Exercise brief
An exact copy of the lines of the listing below between the "Luna - Women's Wool-Blend Button Coat" line and the "Pieces Removable Hinges, Heavy" line, both included, is the whole answer; please omit the pictures.

Provided information
· · · ·

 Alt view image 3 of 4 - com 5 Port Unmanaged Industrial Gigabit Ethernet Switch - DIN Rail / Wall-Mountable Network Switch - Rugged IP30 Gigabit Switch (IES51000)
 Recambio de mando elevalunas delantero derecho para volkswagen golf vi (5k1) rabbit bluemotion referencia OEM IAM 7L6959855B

· · · ·

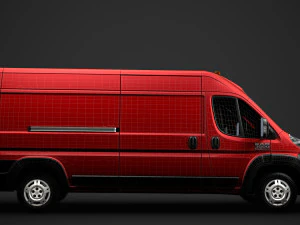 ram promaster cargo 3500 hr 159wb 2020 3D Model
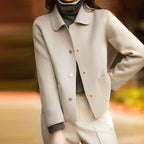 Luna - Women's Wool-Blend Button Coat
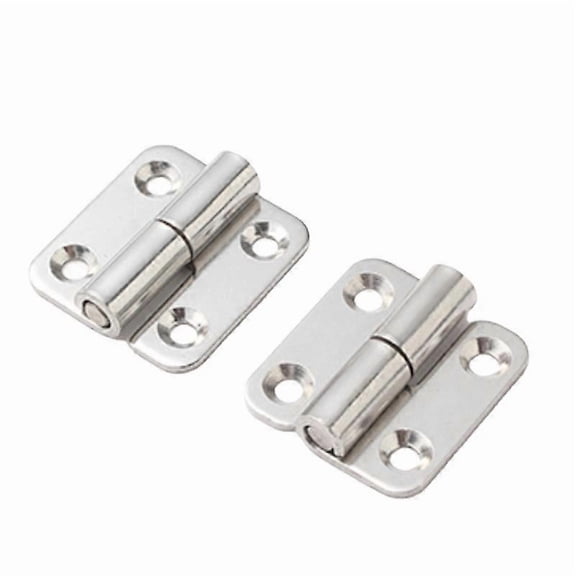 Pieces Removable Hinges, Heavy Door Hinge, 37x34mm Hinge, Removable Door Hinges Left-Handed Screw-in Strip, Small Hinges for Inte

· · · ·

Solution to the exercise
 Luna - Women's Wool-Blend Button Coat
 Pieces Removable Hinges, Heavy Door Hinge, 37x34mm Hinge, Removable Door Hinges Left-Handed Screw-in Strip, Small Hinges for Inte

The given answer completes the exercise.